Monday, May 24, 2010

Intellectual Consistency #2

Does there ever come a point at which each person would question the necessity for the existence of government? Notice, I am not asking if it is preferable; I am only asking if there is something (i.e. a law, action, prohibition, requirement, etc.) that the government could "do" that would make each person question its very existence.

I am asking because the recent financial crisis has supposedly shown that the free market has failed (I say supposedly because I don't believe this to be the case at all). As a result, the assumption is that we require government supervision and regulation to fix it.
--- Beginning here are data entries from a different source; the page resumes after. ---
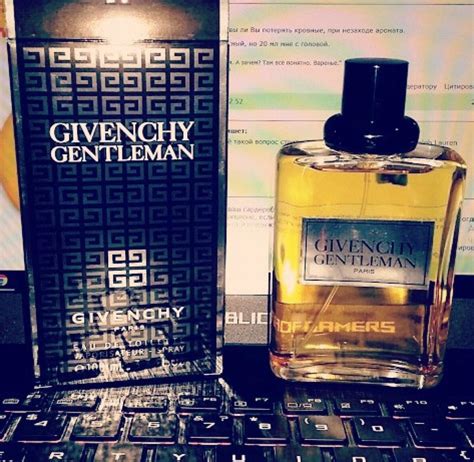 gentleman 1974 givenchy sample|givenchy gentleman original review.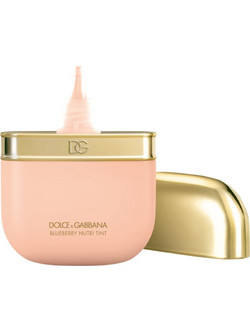 Dolce & Gabbana Fresh Blueberry Nutri-Tint 3W Light Cream Make Up 30ml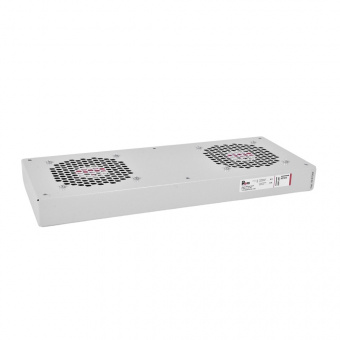 Блок вентиляторов Rem R-FAN-2TJ-36V-48V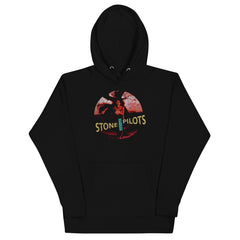 Stone Temple Pilots - Core Hoodie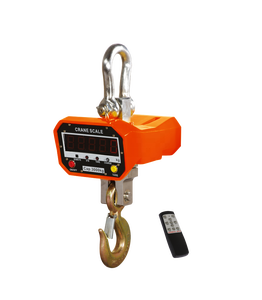 عالية الجودة 2ton 3ton 5ton الكهربائية منصة رافعة رقمية للبيع - Product Image 1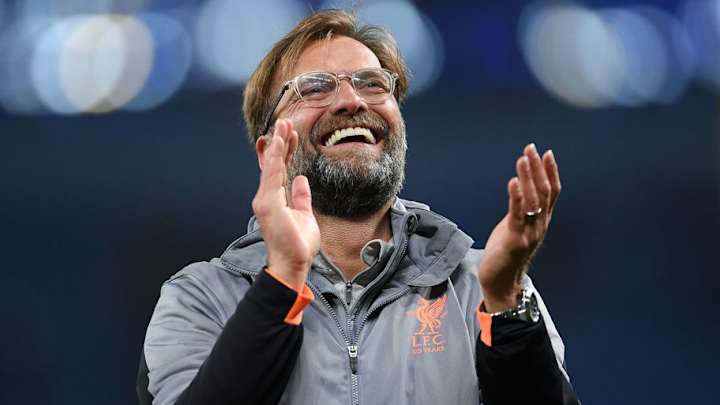 'Get Him!' Jurgen Klopp Praises Liverpool Scouts for Summer Bargain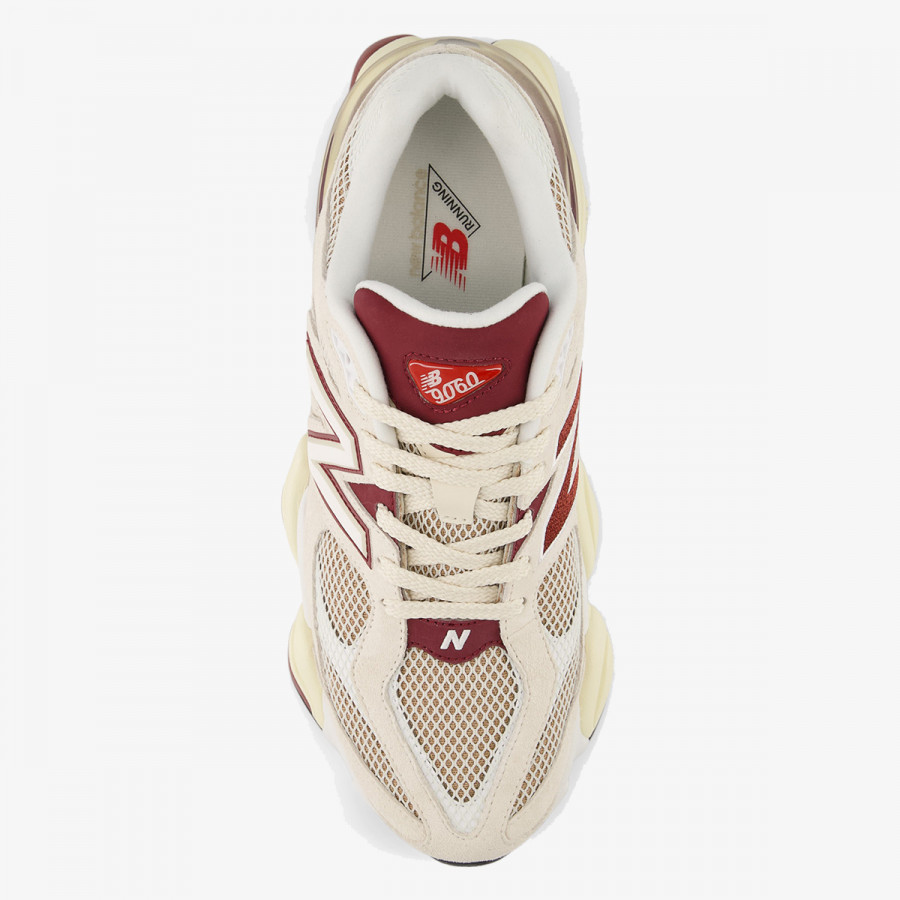 NEW BALANCE Pantofi Sport 9060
So in order to remain consistent, it seems like there should be a parallel standard for the government; that is, if the government fails at something, we should take away its ability to continue doing it.

It seems to me that there are more people who would instinctively criticize the free market for something, and automatically say the government should fix it. In fact, I would bet there are more people that would advocate total government control (from a perceived omnipresent failure of the free market), than would advocate a total free market without government at all.

At the end of the day, I'm not curious about whether a person would ever believe having no government is plausible or preferable. What I am curious about is if each person has the intellectual consistency to at least say "since each failure of the free market warrants an increase in government intervention, that means that each failure of the government should warrant a decrease in government intervention."

Of course, I'm not optimistic about this being the case. No matter how many times the government makes a mistake, the reaction is always that we need more government to prevent the mistake from ever happening again... until it inevitably happens again. Not to mention, how often do people even admit that the government made a mistake, and not react as though the government is a clumsy child (i.e. by properly saying "I've had enough, the government is no longer permitted to do this ever again," rather than the typical reaction which is something to the effect of "Awww, it was just poorly implemented and an honest mistake, it won't happen again if we give it the resources to do X").

So I really want to know: if you have any intellectual consistency, what would it take for you to think that the government is a nuisance through and through and should no longer exist? Or let me make it more pointed: if we theoretically established and agreed beyond a reasonable doubt that everything the government does is harmful, would you then admit that it should not exist, or would you continue searching for ways to make it less harmful?